Vicente Verdú
La debacle es el probable principio de la lucidez. Todo el resplandor futuro parte de una explosión, todo principio de un final, cualquier concepto vivo nace de la corrupción del anterior.
Así, en apenas veinticuatro horas, la idea sobre el significado de la selección española de fútbol se ha ido a pique para dar ocasión a una nueva flotación. La expectativa nacionalista sobre este equipo y las agrupaciones patrioteras naufragan y el desconcierto lleva a otear el horizonte.
El equipo en manos del más nacionalista de los seleccionadores (puro “aragonés” macho y racial) ha sucumbido sucesivamente ante una nación católica, Irlanda del Norte, y una nación atea, Suecia.
La inmediata conclusión de la experiencia es nuestra doble descaracterización. Ni superamos la fe religiosa de los otros ni triunfamos frente al mal del ateísmo.
En consecuencia, ¿para qué existir? ¿Para qué calentarse la cabeza sobre la sagrada simbología española? Las derrotas favorecen la vista hacia el interior.
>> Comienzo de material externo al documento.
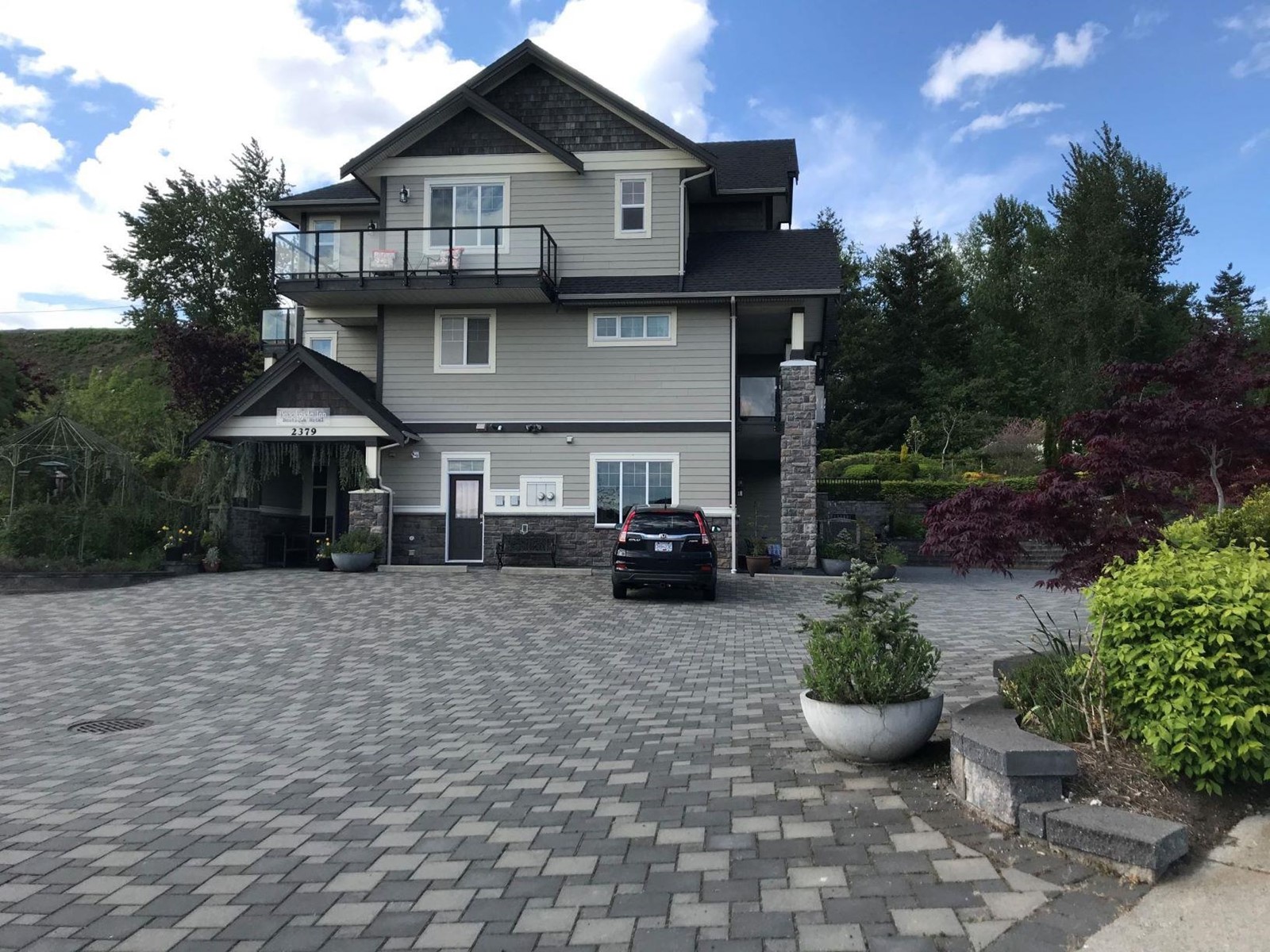 2379 Chardonnay Lane, Abbotsford, British Columbia  V4X 0A6 - Photo 3 - R2845350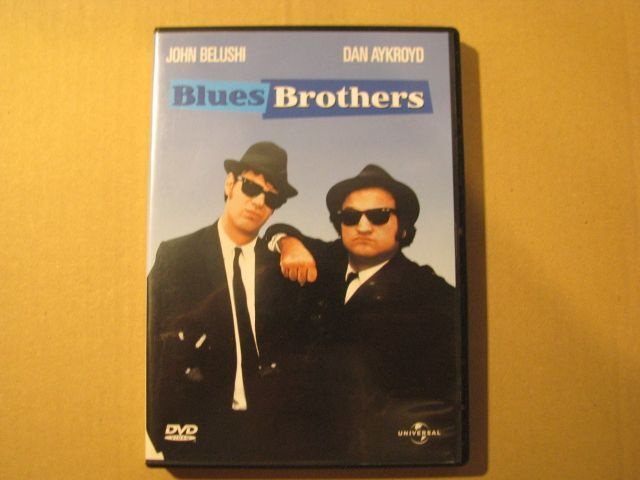 BLUES BROTHERS ( John Belushi )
Y tanto más profundamente cuanto más duras se experimentan. El recibimiento de estos fracasos, sin embargo, ha sido recibido con una extraña suavidad, como si el mal se hubiera abierto camino previamente y el dolor llegara lubricado por lágrimas anticipatorias.
De este modo, el abatimiento de la selección y de sus importantes significados de antaño han venido a quedar en casi nada. Incluso una gran cantidad de aficionados declaran que sólo un entrenador extranjero sería capaz de devolvernos la ilusión. Deshecha la insignia nacional, aparece el recurso a la pragmática tecnológica. Marchitada la sacralización se opta por la instrumentación. Desconfiados de nuestros propios órganos optamos ya por el injerto.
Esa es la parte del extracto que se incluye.